True...the sequence being described isn't actually continuous. The connectedness property does imply, however, the existence of a sequence of arbitrarily-close points which begins at A and ends at B.

I thought this was interesting and decided to read a bit about connectedness, as topology isn't really my specialty. Apparently there is a distinction between connectedness and path-connectedness. Path-connectedness is what I described, which is not quite what your text describes, so I was wrong. There also exist, it seems, certain pathological cases which are connected but not path-connected.

The "sequence-connected" version you have should be true of all connected spaces, though. However, the converse is not true. I'm not sure what you're asking...were you trying to prove it?

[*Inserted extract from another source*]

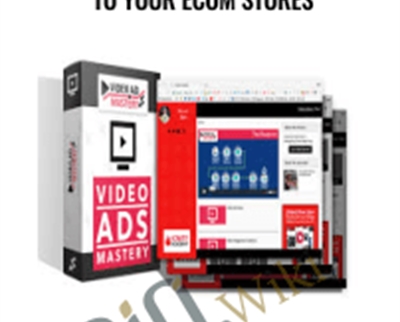 Super Cheap Targeted FB Traffic To Your Ecom Stores - Video Ads Mastery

Any path-connected set is connected, any open connected set is path connected, any closed connected set is path connected.

Here's a puzzle I concocted several years ago: Find 2 sets P and Q, both contained in the closed square in R² with vertices at (1,1), (-1,1), (-1,-1), and (1, -1) such that:
a) P contains (1,1) and (-1,-1) while Q contains (-1, 1) and (1, -1)
b) P and Q are both connected sets
c) P and Q are disjoint.

This can be done by defining P and Q as the graphs of two functions such that the graphs are connected but NOT path connected.

 

[rudinreader]

any closed connected set is path connected.

I assume that's a typo. Because the "closed topologists sine curve" is a closed connected set that is not path connected.

Your puzzle is interesting, but I don't see the trick in constructing the said P and Q. Any more hints without giving it away?

 

[HallsofIvy]

I wish it were a typo! I just plain mis-spoke. Thanks for the correction.

Make the middle part of each path a variation on y= sin(1/x) (is that the "topologists sine curve" you were referring to?). multiply by, say, 0.95 to keep it inside the square and add or subtract 0.03 to get them "miss" each other.